I felt on the verge of comprehending something when my teacher, who was really my mother, commanded me to the board to diagram “Bright Lights.” I was at the board with a plan, a list of classic ’70s rock influences—the usual suspects like Led Zeppelin and Black Sabbath, the not so apparent ones like King Crimson and Badfinger, and sprinkled with more recent touchstones like Boris, Sleep, and even Radiohead. I could visualize the DNA wave in my head: the influences formed the nucleotides, and all of it twisted by a haze of marijuana. But the chalk kept disappearing in my hand. Whenever I went to get more, it also disappeared, grinding down to nothing on the board. I was panicking; the music was a quasi-chromatic intoning of the title. It felt like it was supposed to be scary, but it was actually pretty silly: the chalk was way scarier. I turned to face the class, and remembered my nakedness. Just then, the door burst open from a torrent of salt water. Loud guitar riffing was heard. I ignored my classmates and tried to keep my head above water. When I finally submerged, I find I could breathe underwater again. The music responded accordingly, filled with gurgles and indistinct vocal moaning. I swam to the surface of the water, a glimmering orange and black. When I submerged, the music again changed dramatically—and where was this music coming from. I intuited something wasn’t normal, but again right before the moment of understanding I was distracted. The air was on fire, like Mordor: bits of brimstone flew by me in tandem with the drum fills. None of it hurt me, but I knew I had to get back under the water. I turned back to swim, but the water had dried up: the music dissolved in a final echo, and I was trapped in the fire. Now I really panicked.

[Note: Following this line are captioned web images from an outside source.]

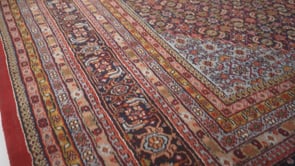 Oriental Rug Indian Handmade Area Traditional 12'1"x18'3" (12x18) Red Blue Herati Bijar Design #35154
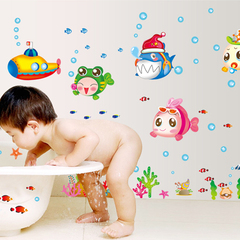 卧室客厅背景墙壁贴画卫生间浴室儿童房卡通创意可移除贴纸泡泡鱼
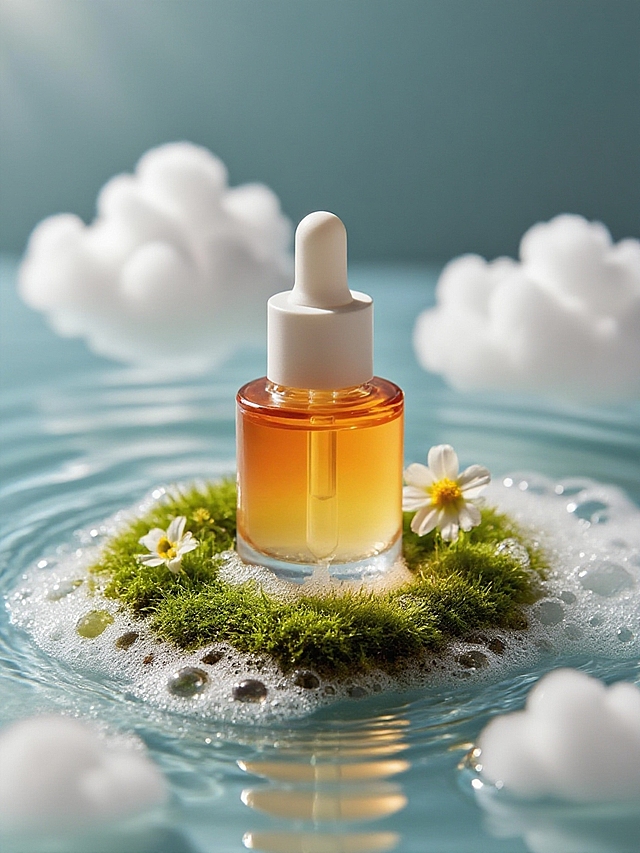 把主体放在一个微观生态小岛上，周围是绵密泡沫、水波纹、花，云朵，泡沫肌理明显。静物摄影，柔和的自然光线。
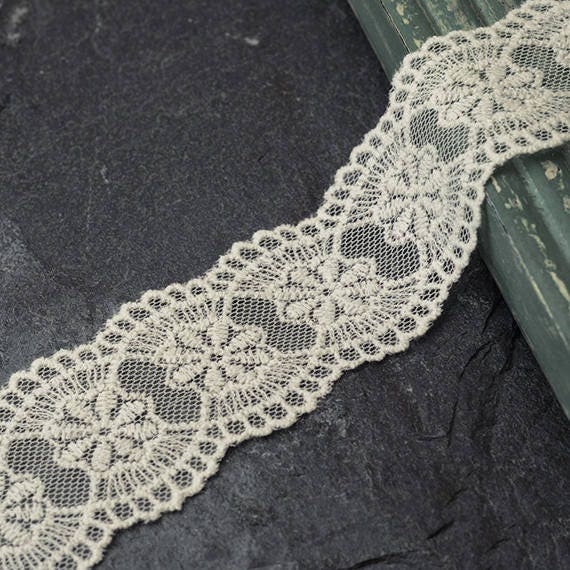 Vintage Embroidered Galloon Lace Trim by 2-yards, 1-1/2 Inch, Black, Ivory,  White, TR-10960 -  Canada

At this moment I heard what sounded like “When the Levee Breaks.” In fact, it was exactly “When the Levee Breaks”—it was my cell phone’s ring-tone. Scared by its ring, I stood up in bed and answered it. On the other line was Scott, Cokemachineglow editor and known organized crime boss. “Toph-uh, baby,” he said, and I could hear the cigar in his teeth. “Listen, I know it’s been a while, but something came up. Nool’s in law enforcement now and we have to make the Glow a little more, uh, respectable, if you know what I mean. I was wondering if you could give us a few sentences on the new Black Mountain album for this week’s review. No big concepts, no one act plays, no time travel: just two sentences that sum up the album. We have an, um, intern to fill in the rest for you. You’re on! Go!”

I was awake alright. “Um, In the Future is a great second act, blah blah blah, a consolidation of strengths, blah blah, better songwriting and more ideas, something something Foucault, Led Zeppelin, stoner rock. Um.” I tried to recall my dream. “It reminds me a lot of being in High School.” There was a pause. “Will that be helpful?”

I heard Scott say something in Spanish to someone, and then he returned to the phone. “That will be perfect, Alexander.” And the phone went dead.